I have talked to people who were in The Line, who camped out in front of the Nederlander Theater for $20 tickets. I talked to a girl who said her new roommates were people she met in The Line. All of them speak of it with fondness and peaceful remembrance; all of them were touched by it. That feeling of community, drawn together by a collective love for the show that meant so much to so many…it is something to be jealous of. Something to want so much your heart almost breaks at the thought.
Now, as a girl who is living out her childhood past the end of the millennium, I feel a ridiculous guilt about this time difference. It is in no way my fault that I was not old enough to know about the Original Broadway Cast, or to see them, or to wait in The Line. There is nothing to regret in my own choices; nothing to grieve over. And yet I see their faces when they think of those days: of seeing the OBC so many times that they became close to them, of sleeping out on the street with friends and then traipsing in to once again see the show. I see how it was then…and I feel so sad.

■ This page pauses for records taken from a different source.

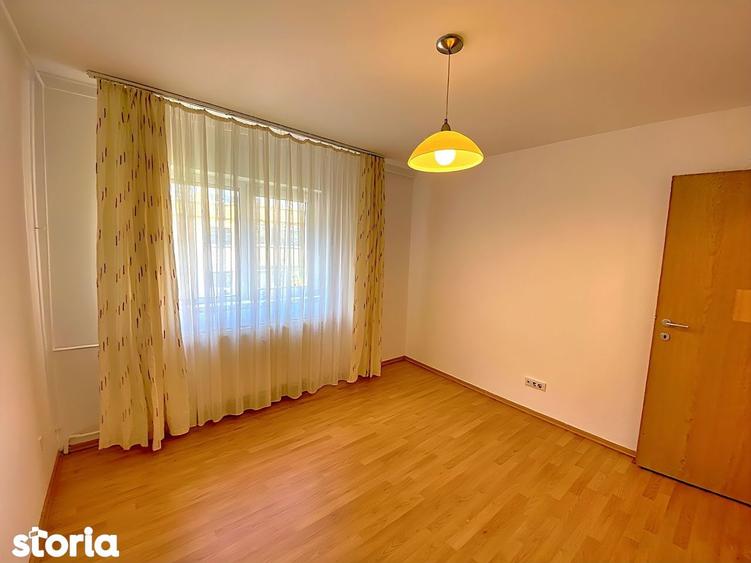 Apartament cu 3 camere decomandat în Rahova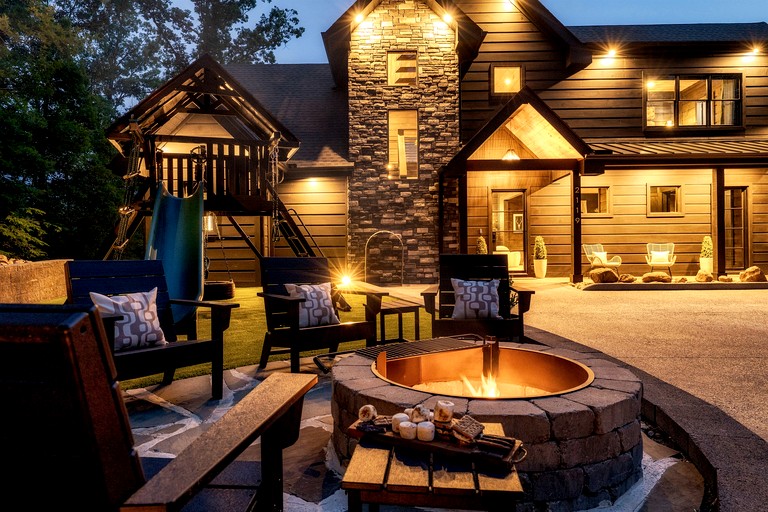Luxurious Scandinavian Lodge • Indoor Pool, Sauna & Theater • Near Smoky Mountains • Sevierville, TN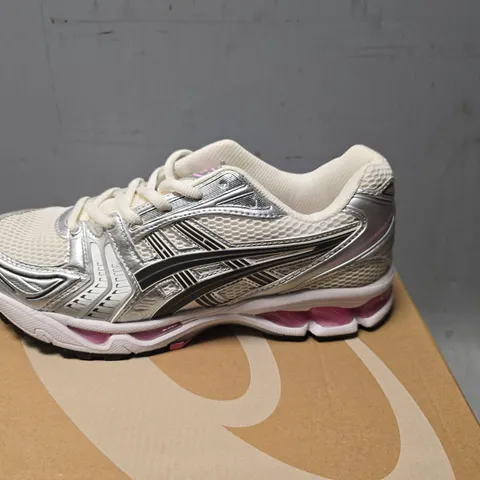 BOXED ASICS GEL-KAYANO 14 TRAINERS SIZE 9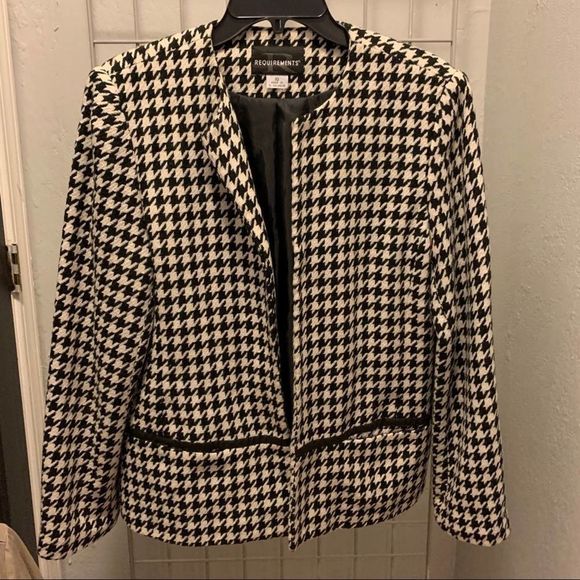 💋Requirements black and white jacket - Picture 2 of 7
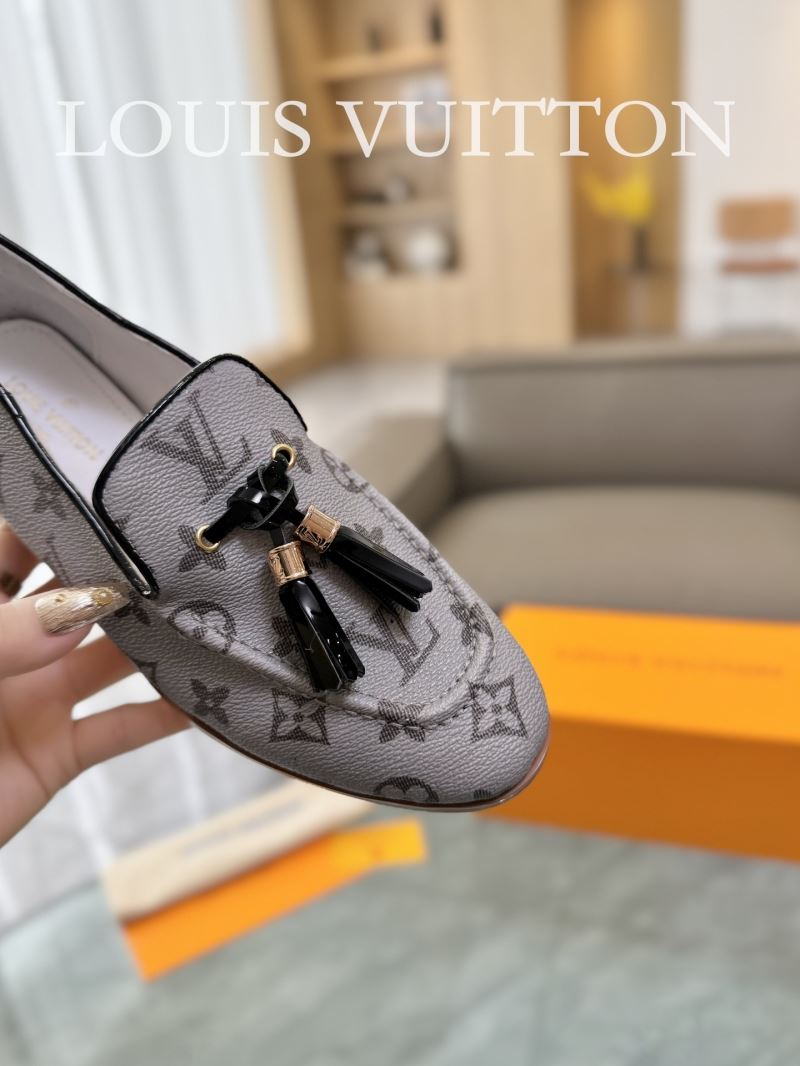 Louis Vuitton Low Shoes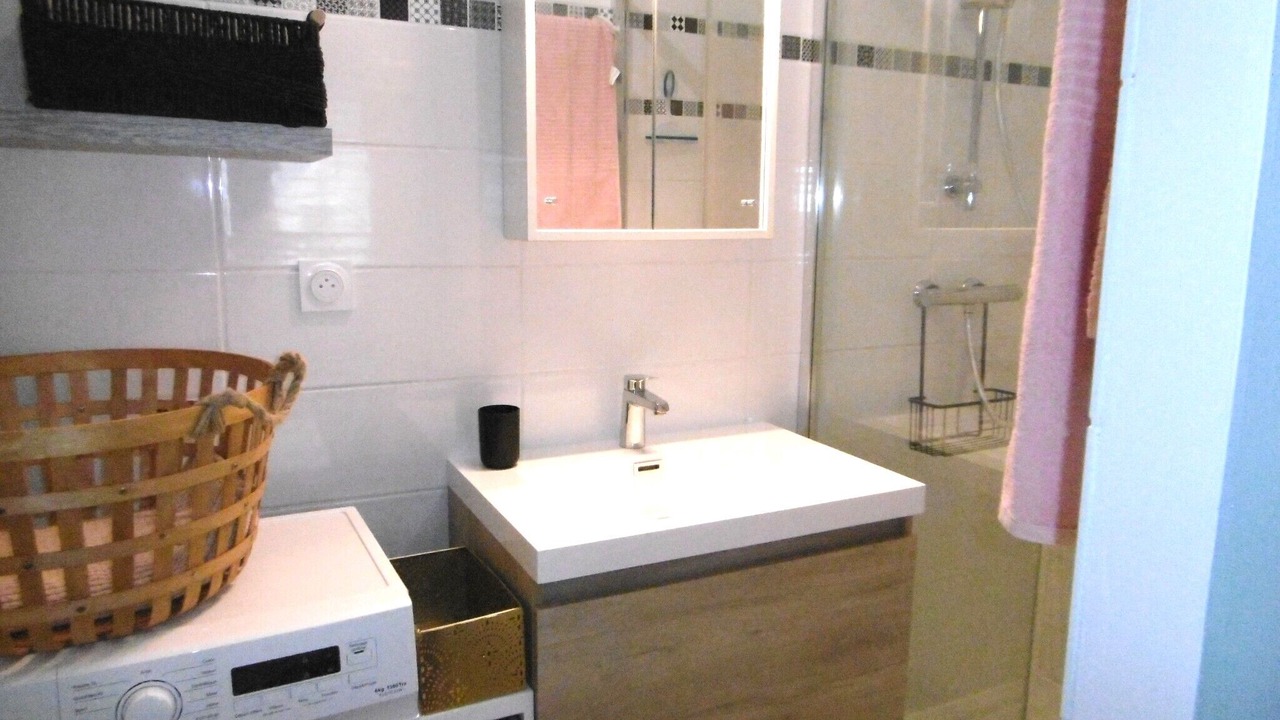 Photo of Bathroom in Savigny-en-Veron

The East Village has changed. "Trendy" is the best word to describe it; the East Village of RENT has dissolved and become something not so different—but different enough—from Jonathan's world. I have lived pas that world. I will never get to be a part of it, never get to experience the original magic of this show I love so much. Why then, I ask myself, do I bother loving a show that takes place in a time and place I do not know? Why do I love something that began so long ago, that ran out of magic before I could experience The Line and the OBC and the Tonys and all of what made it special? Why?
I have an answer. And every time I ask myself the previous questions, the answer smacks me in the face until I wake up and listen to it.
RENT has not run out of magic. RENT is magic itself; it is magic and joy and love and pain and grief and beautiful music. It is the show that holds the soul of its creator and of all the amazing people who first—and since—performed it. It is the show that, despite changing times and lives and cities, endures. People have said that RENT didn't speak for a generation, it spoke to a generation. What they don't mention is that RENT keeps on speaking, spreading its wisdom and beauty to all who open themselves to it. The generation that it was born into is growing up, but we are taking their place. And though our world is not theirs, that does not make us incapable of relating our own troubles and pains to those of RENT. Grief and love and hurt and joy are all the same to the core, and that is why people keep on loving RENT. The magic is not gone; it has grown, just as we all have.
So for all of us who never saw the OBC or waited in The Line; for all of us who have never seen that East Village where community was shared far and wide; for all of us who have ever been scared that we missed the beginnings…this is here to reassure you. Maybe all that is in the past. But having missed it doesn't make anyone less of a RENThead or less of a fan (nor does not having seen RENT over 50 times or whatever; seriously, NOT EVERYONE LIVES IN NEW YORK). We have a job to do: we must keep RENT and all it stands for, at the core, alive. If we can do that, I think we'll have done our parts.
And, to quote a certain someone…
"Forget regret, or life is yours to miss."